Vorhin hatte ich, im Gespräch mit einer Freundin, einen wunderbaren Aha-Effekt. Sie sagte:
"Stricken ist leichter als nähen und außerdem braucht man für das Nähen so viel Platz".
Es stimmt, dass frau zum Nähen Platz braucht. Ja klar, zuschneiden braucht Platz, die Nähmaschine(n) brauchen Platz, das Material braucht Platz. Aber wollen wir Frauen immer nur bescheiden und still in unserer Sofaecke sitzen und platzsparend stricken?

In den letzten Tagen habe ich mich ganz oft gefragt, was Feminismus für mich ganz persönlich bedeutet. Was in meinem Leben und Handeln ist feministisch? Alle paar Jahre lohnt es sich, mal wieder darüber nachzudenken, statt stillschweigend davon auszugehen, dass frau doch irgendwie Feministin ist, aber gleichzeit müde geworden ist, die immergleichen Diskussionen zu führen. Nach tagelangem darüber nachdenken und mit der intensiven Beschäftigung mit den MMM-Regeln, habe ich eine Antwort für mich gefunden: Feministisch zu leben und zu handeln bedeutet für mich Frauen zu ermächtigen. 
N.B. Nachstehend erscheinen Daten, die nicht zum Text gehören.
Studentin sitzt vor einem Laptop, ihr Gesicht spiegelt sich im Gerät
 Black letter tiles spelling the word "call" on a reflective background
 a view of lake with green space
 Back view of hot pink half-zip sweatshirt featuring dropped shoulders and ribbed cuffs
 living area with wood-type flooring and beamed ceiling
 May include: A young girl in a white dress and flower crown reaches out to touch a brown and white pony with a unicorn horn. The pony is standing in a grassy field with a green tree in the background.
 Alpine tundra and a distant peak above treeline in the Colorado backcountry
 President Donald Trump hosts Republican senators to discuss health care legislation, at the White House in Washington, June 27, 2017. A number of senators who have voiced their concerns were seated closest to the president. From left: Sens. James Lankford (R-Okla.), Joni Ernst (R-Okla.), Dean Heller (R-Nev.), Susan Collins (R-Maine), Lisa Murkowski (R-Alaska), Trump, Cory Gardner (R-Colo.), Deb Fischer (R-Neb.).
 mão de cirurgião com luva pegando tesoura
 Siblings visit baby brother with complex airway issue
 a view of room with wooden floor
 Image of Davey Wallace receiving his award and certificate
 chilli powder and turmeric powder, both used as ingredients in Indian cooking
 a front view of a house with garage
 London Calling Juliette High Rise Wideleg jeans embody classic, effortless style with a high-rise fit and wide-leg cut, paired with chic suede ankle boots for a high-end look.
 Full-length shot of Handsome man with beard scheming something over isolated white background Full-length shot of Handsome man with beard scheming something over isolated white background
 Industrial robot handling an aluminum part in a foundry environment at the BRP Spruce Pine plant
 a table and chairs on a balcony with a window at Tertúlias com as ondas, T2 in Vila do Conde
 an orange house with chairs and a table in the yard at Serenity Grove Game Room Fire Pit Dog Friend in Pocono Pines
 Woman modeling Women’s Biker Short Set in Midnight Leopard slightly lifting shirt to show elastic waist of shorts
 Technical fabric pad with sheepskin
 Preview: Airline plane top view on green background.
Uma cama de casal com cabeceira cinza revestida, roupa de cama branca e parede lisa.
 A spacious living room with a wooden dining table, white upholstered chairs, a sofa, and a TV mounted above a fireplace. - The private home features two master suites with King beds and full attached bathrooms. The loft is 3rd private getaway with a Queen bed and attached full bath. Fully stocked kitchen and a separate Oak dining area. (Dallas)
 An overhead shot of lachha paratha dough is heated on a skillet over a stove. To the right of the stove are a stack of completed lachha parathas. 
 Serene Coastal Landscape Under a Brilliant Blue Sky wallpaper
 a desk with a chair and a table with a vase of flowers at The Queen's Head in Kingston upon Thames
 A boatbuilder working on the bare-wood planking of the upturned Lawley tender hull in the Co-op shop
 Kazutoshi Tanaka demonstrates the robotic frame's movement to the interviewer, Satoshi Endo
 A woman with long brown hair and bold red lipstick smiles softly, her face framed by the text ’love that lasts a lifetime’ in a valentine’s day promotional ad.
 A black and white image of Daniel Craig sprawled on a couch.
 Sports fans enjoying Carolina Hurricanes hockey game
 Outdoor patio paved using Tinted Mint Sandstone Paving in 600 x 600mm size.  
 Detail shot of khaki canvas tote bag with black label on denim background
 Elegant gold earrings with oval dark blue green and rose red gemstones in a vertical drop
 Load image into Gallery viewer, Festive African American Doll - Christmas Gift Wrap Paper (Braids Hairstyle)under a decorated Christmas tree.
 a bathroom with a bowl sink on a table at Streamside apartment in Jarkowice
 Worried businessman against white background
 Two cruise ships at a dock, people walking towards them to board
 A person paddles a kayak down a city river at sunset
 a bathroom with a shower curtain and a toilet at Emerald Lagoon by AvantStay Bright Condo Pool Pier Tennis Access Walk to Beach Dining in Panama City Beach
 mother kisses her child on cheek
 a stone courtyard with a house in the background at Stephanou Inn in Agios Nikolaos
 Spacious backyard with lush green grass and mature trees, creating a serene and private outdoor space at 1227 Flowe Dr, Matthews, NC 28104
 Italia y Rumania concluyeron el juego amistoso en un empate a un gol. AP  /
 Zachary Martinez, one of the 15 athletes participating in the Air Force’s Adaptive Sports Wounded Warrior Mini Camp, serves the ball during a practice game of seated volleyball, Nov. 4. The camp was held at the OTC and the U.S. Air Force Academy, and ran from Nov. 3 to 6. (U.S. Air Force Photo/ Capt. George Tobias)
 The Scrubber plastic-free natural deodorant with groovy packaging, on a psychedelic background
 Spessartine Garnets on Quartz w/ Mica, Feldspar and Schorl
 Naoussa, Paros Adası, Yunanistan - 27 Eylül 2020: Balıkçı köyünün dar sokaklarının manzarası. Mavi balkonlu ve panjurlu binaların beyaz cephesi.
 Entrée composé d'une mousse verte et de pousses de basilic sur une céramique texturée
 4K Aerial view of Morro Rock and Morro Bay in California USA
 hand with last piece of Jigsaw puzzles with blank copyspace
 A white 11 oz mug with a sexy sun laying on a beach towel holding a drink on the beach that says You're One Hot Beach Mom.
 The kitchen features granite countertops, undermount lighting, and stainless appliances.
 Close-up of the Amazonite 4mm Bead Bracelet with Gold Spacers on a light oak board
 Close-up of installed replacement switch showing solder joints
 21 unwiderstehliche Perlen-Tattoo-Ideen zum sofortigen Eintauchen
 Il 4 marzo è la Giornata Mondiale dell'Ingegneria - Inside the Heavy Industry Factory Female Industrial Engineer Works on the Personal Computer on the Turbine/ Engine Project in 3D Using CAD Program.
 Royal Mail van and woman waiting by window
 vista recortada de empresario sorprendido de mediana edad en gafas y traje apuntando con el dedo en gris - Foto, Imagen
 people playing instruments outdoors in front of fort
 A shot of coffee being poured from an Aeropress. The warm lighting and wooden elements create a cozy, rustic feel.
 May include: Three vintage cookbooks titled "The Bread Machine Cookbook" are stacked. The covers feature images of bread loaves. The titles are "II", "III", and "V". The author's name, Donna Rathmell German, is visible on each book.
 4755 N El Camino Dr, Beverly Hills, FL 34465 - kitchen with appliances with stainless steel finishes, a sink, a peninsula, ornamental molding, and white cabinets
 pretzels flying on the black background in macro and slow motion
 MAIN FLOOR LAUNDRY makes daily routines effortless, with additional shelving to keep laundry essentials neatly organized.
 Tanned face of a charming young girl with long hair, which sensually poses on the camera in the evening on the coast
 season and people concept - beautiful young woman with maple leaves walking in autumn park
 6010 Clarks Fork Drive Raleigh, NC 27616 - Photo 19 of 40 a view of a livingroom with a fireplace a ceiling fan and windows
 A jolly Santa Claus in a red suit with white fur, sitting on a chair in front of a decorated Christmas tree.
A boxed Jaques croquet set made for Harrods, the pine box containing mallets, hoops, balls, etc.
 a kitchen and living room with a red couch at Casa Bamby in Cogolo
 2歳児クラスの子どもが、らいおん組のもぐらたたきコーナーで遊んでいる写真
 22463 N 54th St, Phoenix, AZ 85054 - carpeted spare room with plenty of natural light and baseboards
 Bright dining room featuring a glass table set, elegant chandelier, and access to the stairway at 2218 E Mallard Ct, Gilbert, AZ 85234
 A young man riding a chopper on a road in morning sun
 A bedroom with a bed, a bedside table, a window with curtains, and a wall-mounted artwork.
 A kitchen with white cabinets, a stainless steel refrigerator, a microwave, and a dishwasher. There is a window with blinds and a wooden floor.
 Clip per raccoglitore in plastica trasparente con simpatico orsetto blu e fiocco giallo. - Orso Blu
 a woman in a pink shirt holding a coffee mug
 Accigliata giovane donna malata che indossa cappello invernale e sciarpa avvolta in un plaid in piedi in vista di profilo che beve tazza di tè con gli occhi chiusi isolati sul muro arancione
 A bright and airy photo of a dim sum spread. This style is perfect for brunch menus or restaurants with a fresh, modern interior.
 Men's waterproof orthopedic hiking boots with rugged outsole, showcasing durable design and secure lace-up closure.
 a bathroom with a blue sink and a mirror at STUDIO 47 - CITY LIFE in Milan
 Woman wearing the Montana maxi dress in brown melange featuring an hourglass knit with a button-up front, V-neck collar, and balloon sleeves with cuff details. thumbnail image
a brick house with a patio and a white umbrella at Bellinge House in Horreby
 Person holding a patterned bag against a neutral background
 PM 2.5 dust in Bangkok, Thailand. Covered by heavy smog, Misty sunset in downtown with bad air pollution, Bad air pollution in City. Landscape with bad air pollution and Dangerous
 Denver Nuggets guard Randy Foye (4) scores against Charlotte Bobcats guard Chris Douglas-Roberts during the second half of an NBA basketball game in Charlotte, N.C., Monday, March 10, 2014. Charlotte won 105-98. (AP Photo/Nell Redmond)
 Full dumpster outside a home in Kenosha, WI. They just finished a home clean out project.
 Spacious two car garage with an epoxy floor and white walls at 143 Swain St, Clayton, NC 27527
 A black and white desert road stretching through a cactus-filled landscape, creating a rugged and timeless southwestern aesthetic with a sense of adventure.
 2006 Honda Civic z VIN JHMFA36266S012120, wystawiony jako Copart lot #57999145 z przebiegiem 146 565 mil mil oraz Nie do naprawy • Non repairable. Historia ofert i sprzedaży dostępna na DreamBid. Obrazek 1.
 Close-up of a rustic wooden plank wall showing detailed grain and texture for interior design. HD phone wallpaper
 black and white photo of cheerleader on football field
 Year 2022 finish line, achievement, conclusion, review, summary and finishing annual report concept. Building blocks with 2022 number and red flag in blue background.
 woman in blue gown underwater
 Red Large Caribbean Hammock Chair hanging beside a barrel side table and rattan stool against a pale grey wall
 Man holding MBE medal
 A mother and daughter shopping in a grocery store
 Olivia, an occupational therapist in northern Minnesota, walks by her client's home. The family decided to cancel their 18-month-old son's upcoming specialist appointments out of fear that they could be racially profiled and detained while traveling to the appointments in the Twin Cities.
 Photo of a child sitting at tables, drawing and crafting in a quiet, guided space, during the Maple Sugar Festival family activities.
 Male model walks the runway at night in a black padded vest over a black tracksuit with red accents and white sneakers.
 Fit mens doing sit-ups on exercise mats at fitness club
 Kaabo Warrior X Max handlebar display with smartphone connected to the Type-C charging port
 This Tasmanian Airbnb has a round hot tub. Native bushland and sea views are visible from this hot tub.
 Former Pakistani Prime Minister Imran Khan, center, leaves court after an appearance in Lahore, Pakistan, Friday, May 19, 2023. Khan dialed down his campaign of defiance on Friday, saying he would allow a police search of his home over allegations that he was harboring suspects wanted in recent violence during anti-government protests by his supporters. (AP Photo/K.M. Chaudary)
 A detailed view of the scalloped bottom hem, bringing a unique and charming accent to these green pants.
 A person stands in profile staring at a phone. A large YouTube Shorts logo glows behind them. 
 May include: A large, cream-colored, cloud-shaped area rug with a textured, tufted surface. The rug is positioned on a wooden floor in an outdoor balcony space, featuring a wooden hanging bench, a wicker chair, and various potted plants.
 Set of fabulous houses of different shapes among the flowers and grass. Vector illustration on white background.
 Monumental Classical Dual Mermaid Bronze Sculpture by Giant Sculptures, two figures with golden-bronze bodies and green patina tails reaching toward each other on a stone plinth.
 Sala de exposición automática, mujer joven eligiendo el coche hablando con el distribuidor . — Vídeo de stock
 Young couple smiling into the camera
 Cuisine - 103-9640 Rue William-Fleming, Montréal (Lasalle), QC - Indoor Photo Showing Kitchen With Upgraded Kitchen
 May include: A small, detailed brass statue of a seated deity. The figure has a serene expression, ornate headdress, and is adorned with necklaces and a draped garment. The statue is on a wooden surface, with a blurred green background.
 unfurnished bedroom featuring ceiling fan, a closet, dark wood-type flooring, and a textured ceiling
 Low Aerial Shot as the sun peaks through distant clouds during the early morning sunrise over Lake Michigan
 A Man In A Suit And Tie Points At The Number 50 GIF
Ich möchte Frauen dazu ermuntern und darin unterstützen, die eigenen Träume zu verwirklichen, die Projekte zu realisieren, für die sie brennen, das Leben zu führen, das sie sich wünschen und das Selbstbewußtsein zu enwickeln, die Frau zu sein, die sie sein wollen. Dabei schließe ich mich ausdrücklich mit ein; denn feministisch zu sein, heißt auch, mich um mich zu kümmern.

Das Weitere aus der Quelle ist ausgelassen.